For some reason I can never get him to stop writing books, this guy, his name is John Browning.
John, how are you?
John Browning: Doing great, Rocky.
Rocky Dhir: Many of you may have heard of John or you may have heard him speak or you may have read his books. You have been writing about almost everything under the Sun. Do you have like a murder mystery thriller yet?
John Browning: Not yet, because my wife would like me to write a John Grisham like courtroom thriller, only unfortunately, I don’t think I’m that creative. I think I’m going to have to do something that makes more money one of these days.
Rocky Dhir: You could take a Grisham book and maybe just put like some duct tape over his name and put yours in with like a sharpie.
John Browning: Or do like a color by numbers thing and just change some names.
Rocky Dhir: You could be a children’s author, how about that?
John Browning: Well, my first children’s book didn’t do very well, Rocky, for reasons that may be obvious by the title, it’s called ‘Daddy Drinks Because You Cry’, and just didn’t really succeed.
I also tried a —
Rocky Dhir: The truth hurts sometimes, the truth hurts to kids.
John Browning: And I tried a children’s book on Federal Jurisdiction called — it was really kind of a Dr. Seuss style called ‘There’s a Pennoyer in My Foyer’, but apparently Federal Jurisdiction is not a big issue with the pre-K set.
Rocky Dhir: They should make a Christmas movie out of that though, Pennoyer in the Foyer.
John Browning: Well, I still have the movie rights, and unfortunately all the rights.
Rocky Dhir: Nobody has asked you for them yet?
John Browning: No.
Rocky Dhir: No?
John Browning: No.
Rocky Dhir: Well, maybe somebody will hear this.
John Browning: Ah, that could be my ticket to stardom.

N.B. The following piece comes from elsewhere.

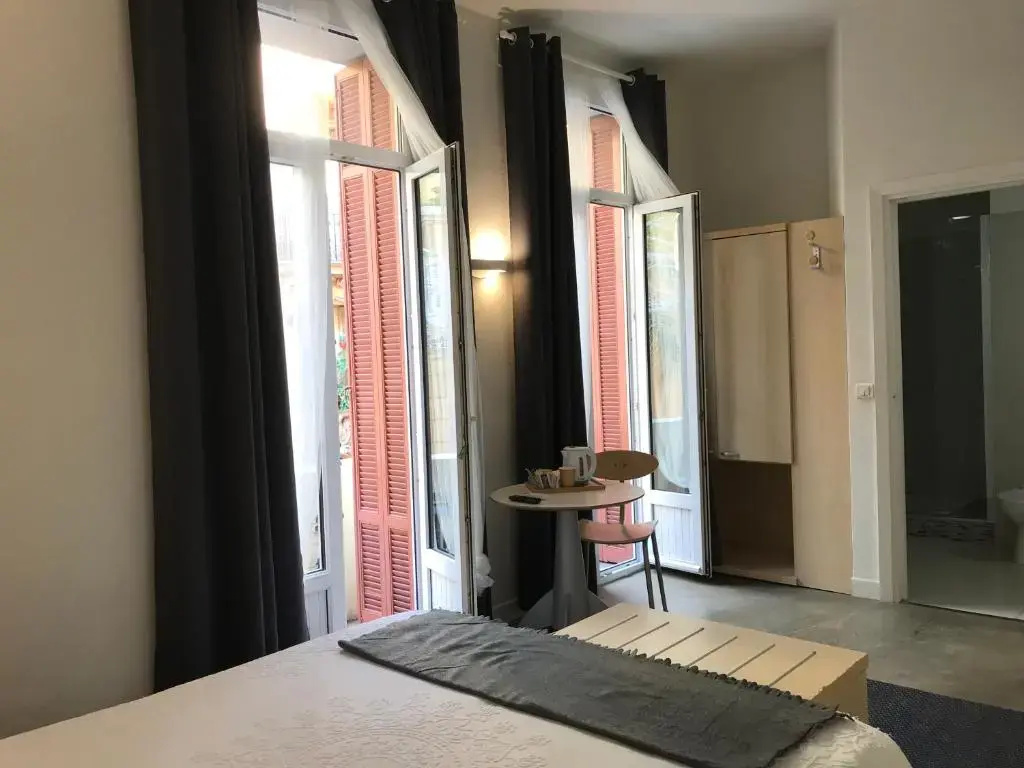 Azur Hotel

Rocky Dhir: Yes. Steven Spielberg, are you listening to this? Hey Spielberg, listen, you got to get this guy, make Pennoyer in the Foyer into an actual movie. You can change it around entirely and make it more like Star Wars-esque, but just keep the title.
John Browning: Exactly.
Rocky Dhir: That’s all we care about.
John Browning: Yeah.
Rocky Dhir: Substance doesn’t matter anymore.

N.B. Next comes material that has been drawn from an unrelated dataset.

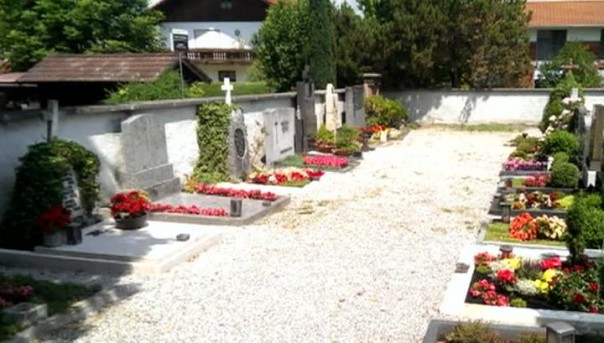 Житель ФРГ возводит памятник военнопленным из СССР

John Browning: You don’t need much CGI with Federal Jurisdiction.
Rocky Dhir: No, you don’t. No, you don’t. You might need a few thoughts and prayers, but that’s about all.
So John, you’re speaking here at our Annual Meeting, you’ve got a couple of topics, but the one I thought was really interesting, is about Social Media and Ethics.
John Browning: Yes.
Rocky Dhir: So is this the — I think we’ve heard the talks before about how to use social media to try to cross-examine a witness, is it that kind of thing?

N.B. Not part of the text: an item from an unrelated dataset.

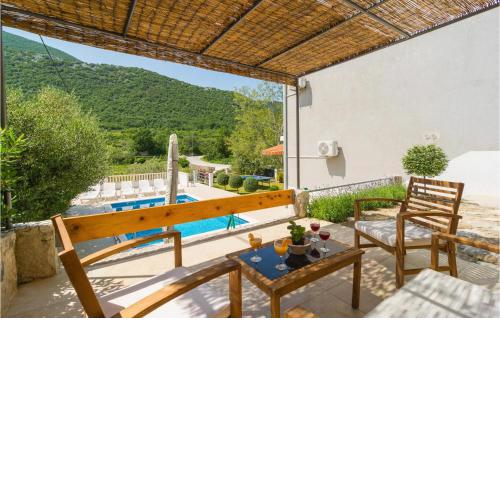 4 Bedroom Cozy Home In Kucice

John Browning: Well, actually it’s a little bit more of some cautionary tales for lawyers and it’s an outgrowth of my most recent book, ‘Legal Ethics and Social Media: A Practitioner’s Handbook’, which came out last June from the ABA Press, and really what it is, is a guide for lawyers on avoiding the kind of pitfalls from an ethical standpoint that they can get into when using social media.
Rocky Dhir: It sounds like a movie on the lifetime network.
John Browning: Yeah, it probably could be.
Rocky Dhir: Yeah.
John Browning: Like Unfriended or something like that.
Rocky Dhir: There we go, yes, and it could be about three people in the unfriending, and we’re just all kinds of creativity today, isn’t it?
John Browning: Yeah, exactly.
Rocky Dhir: So, what in your research have lawyers kind of been tripping up on when it comes to social media and their use of that?
John Browning: Well, pretty much every single way lawyers can use social media in their practice provides an avenue for misuse.
Rocky Dhir: That’s comforting.
John Browning: Yeah, unfortunately. And lawyers just need to be aware of the fact that the same ethical rules are going to apply to these somewhat less traditional modes of communication.
In other words, if it’s something that you wouldn’t say in a Bar Association speech, or publishing a pleading, you should probably not tweet it or post it on Facebook. And lawyers have run into ethical issues even when they’re not using it in kind of a more direct way, like investigating a case or a witness in just publicizing an ongoing case, for example.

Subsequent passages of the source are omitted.